3. Do the disciplined work of deliberative theology. It’s easy to do a quick google search and get a satisfactory theological soundbite on almost any topic. I would posit, however, that those experiences are rarely transformative, and are almost always done to confirm something already embedded within ourselves. To see beyond our own limited view, we need the communion of saints—believers from every age that shape how we understand and practice Christianity. The Scriptures are inerrant, but my interpretations of them are not. Deliberative theology takes effort both in terms of research and real engagement with the Body of Christ. Hebrews reminds our microwave culture that the path to Christian maturity is through deliberate practice (Heb. 5:14). There are simply no shortcuts.
4. Be humble. Engaging in a learning process can engender pride. As Paul reminded the Corinthians, “knowledge puffs up, but love builds up” (I Cor. 8:1). Possession of the facts minus love is hugely problematic. As you process through embedded theology, you will learn new concepts and ideas. That knowledge can quickly lead to pride, or cause you to disdain a brother or sister in Christ who does not understand the information you have acquired. Learning may make you quick to attempt correction of all the things you see wrong in others or in your community of faith (please learn from my mistakes and just skip this step!). In contrast, a humble person says God is supremely patient with me, so I should be patient with my New Covenant family. A humble person knows that despite all of their study, they still have blind spots, most likely larger than the ones they see in others. As you learn, remember knowledge is not king—without love, it is woefully insufficient. Be as quick to wash feet as you are to correct the theological missteps of others.
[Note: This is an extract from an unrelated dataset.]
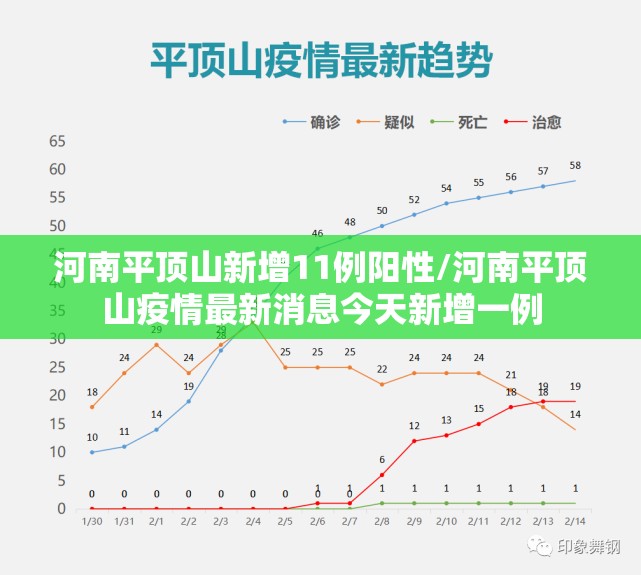 河南平顶山新增11例阳性/河南平顶山疫情最新消息今天新增一例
By the Spirit, Jesus is always in some way saying “you have heard it said…but I say to you…” to the Church. There are always opportunities for growth in grace both individually and collectively within the Body of Christ. When our embedded theology is challenged by the Lord himself, that is not a reason for despair. He loves us, and wants us to know him more intimately and manifest the good news more fully to the nations through our beliefs and practice. When he speaks, may we be empowered by the Spirit to listen well and follow him faithfully, humbly submitting ourselves to his good, wise leading in all things.
 Duke and Stone, How to Think Theologically, 15-17.
 Duke and Stone, How to Think Theologically, 18-21.
 Duke and Stone also define reflective theology in their writing, a process they consider to be best practice. Ideally deliberative theology moves one toward reflective theology. Since this post is not a book review (and because of space limitations in a blog post), I used only the first two terms found in their writing. However, I highly recommend their book as a good, practical introduction to thinking theologically.
 Speaking the truth in love can be direct or even angry, but that is not what is being referenced here. Unrighteous anger is scripturally sub-Christian.